LANCASTER — Antelope Valley College will look to the California Supreme Court for relief in an ongoing issue over workday hours with the Antelope Valley College Federation of Classified Employees.

The Federation filed an unfair practice charge against AV Community College District with the state Public Employment Relations Board after the District modified its operational schedule in February 2014 to offer extended hours from 7:30 a.m. to 6 p.m. Mondays through Thursdays, and from 7:30 to 11:30 a.m. Fridays.

The goal was to provide students greater access to support services. At the time, office hours fluctuated by department and season, running from 8 a.m. to 4:30 or 5 p.m. Monday through Friday.

Full-time classified employees worked a typical five-day workweek with eight hours each day, 40 hours per week. If they worked more than eight hours in a single day, they would be eligible for overtime.

The Federation’s complaint alleged the District violated the Educational Employment Relations Act by changing the hours of operation, which affected classified employees’ hours of work, without notice or opportunity to bargain.

AVCFCE President Pamela Ford polled Federation unit members in November 2013 about the proposed changes to the college’s operating hours. A majority of unit members voted against the proposal.

The modified workweek began in February 2014.

 “If you wanted to work your eight hours, it wasn’t really an option,” Ford said.

Most supervisors did not allow it. If they did, Ford said the employees would have to take their work and move to another location.

The change impacted employees who had concerns about childcare, and those who cared for elderly parents, Ford said.

The change also made it difficult to schedule doctor’s appointments.

“The other great impact it had was our sick time or our vacation time,” Ford said.

Employees used an hour or two over the typical eight-hour day if they used a sick day or vacation day.

A Public Employment Relations Board Administrative Law Judge issued a proposed decision in August 2016 that applied to only a few Federation unit members, giving the District a partial win.

The Federation appealed to the full three-person PERB Board, challenging the proposed decision, and asked for a full review. The District also filed exceptions to request clarifications and modifications of the proposed remedy.

The PERB Board issued its decision in December, reversing the Administrative Law Judge’s proposed decision, and ruling in favor of the entire bargaining unit.

The ruling means the District will be required to pay overtime and back pay, plus interest, for all affected employees. The PERB Board called for the Federation and the District to negotiate a settlement.

“I am happy we prevailed.
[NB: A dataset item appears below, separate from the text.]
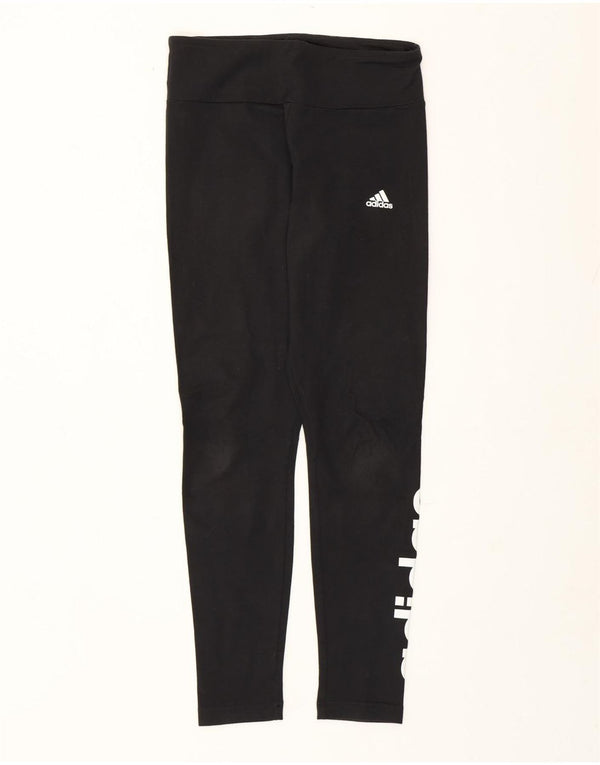 Leggings cu grafic pentru femei Adidas UK 8/10 Poliester negru mic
We prevailed three times,” Ford said. “I think it sends a message that the union needs to be recognized and the District and the union needs to work together.”
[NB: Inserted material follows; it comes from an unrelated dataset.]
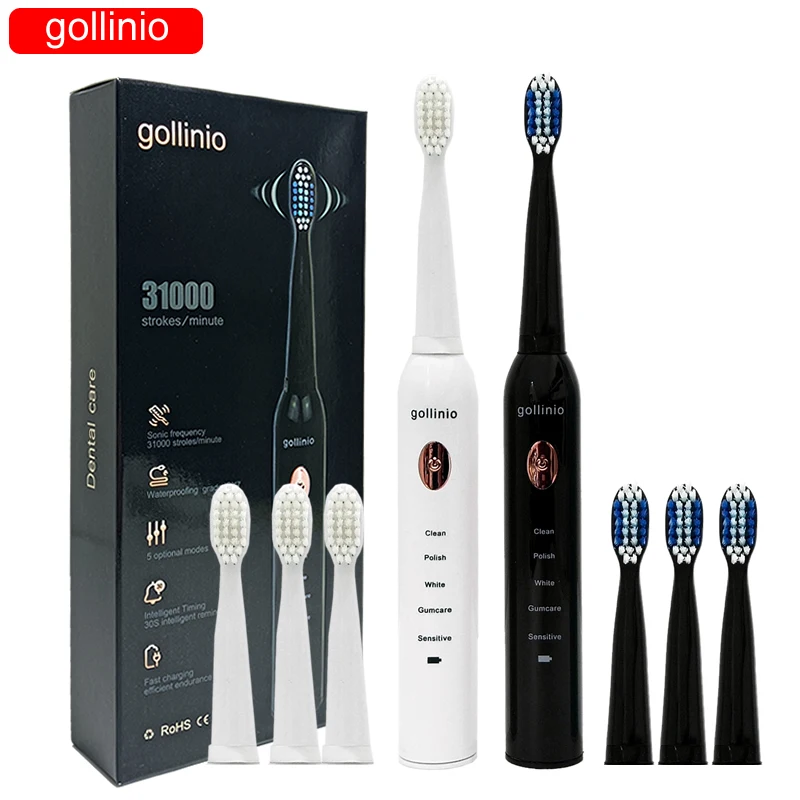 

Электрическая зубная щетка gollinio, быстрая зарядка через usb, для взрослых, GL11A, Электронная зубная щетка, сменная щетка, electr, водонепроницаемая ...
In response, the District filed a Writ of Extraordinary Relief with the state Court of Appeal.

The court denied the District’s petition “on the ground that the petitioner has not stated facts, evidence or legal authorities sufficient to demonstrate entitlement to extraordinary relief,” according to the court document filed on Aug. 23.

AV College President Ed Knudson notified AV College employees about the court’s decision in an Aug. 29 email.

“The District has the right to petition for review of this matter with the California Supreme Court, which it intends to do within the week,” Knudson wrote.

Knudson cited the “statewide importance of considering whether agencies such as PERB may impose a remedy that includes overtime compensation to an overly broad set of employees, where such compensation is inconsistent with the Education Code, and whether an award of back pay and interest should be stayed pending unreasonable delay in PERB issuing a decision.”

The petition would be filed against the PERB Board since they issue the decision.

If the Supreme Court does not accept the District’s petition, Knudson cautioned it “will have significant impact on the operations of the District and the District’s ability to offer alternative work schedules to employees.”

“PERB was very clear. … They required a Federation-led vote before implementing any schedule changes; they didn’t follow that process and therefore they violated the bargaining law,” Federation counsel David Conway an attorney with the Law Office of Robert J. Bezemek, said.

Conway added the PERB Board explained that in its decision.

The Court of Appeal denied the District’s first petition. He anticipated the state Supreme Court would as well.

“People have families; people have lives outside of work. And if you require them to stay for nine or 10 hours in a day, you’re going to miss out on opportunities with their children and families,” Conway said.

(1) comment


“ If the Supreme Court does not accept the District’s petition, Knudson cautioned it “will have significant impact on the operations of the District and the District’s ability to offer alternative work schedules to employees.” “

What an insulting thing to say. I’m sure he meant “...the District’s ability to continue to force alternative work schedules on employees...” Thankfully the California Supreme Court recently rejected the district’s appeal and reaffirmed the PERB judgement that backpay with 7% interest must be paid to all affected employees and original work schedules must be reinstated.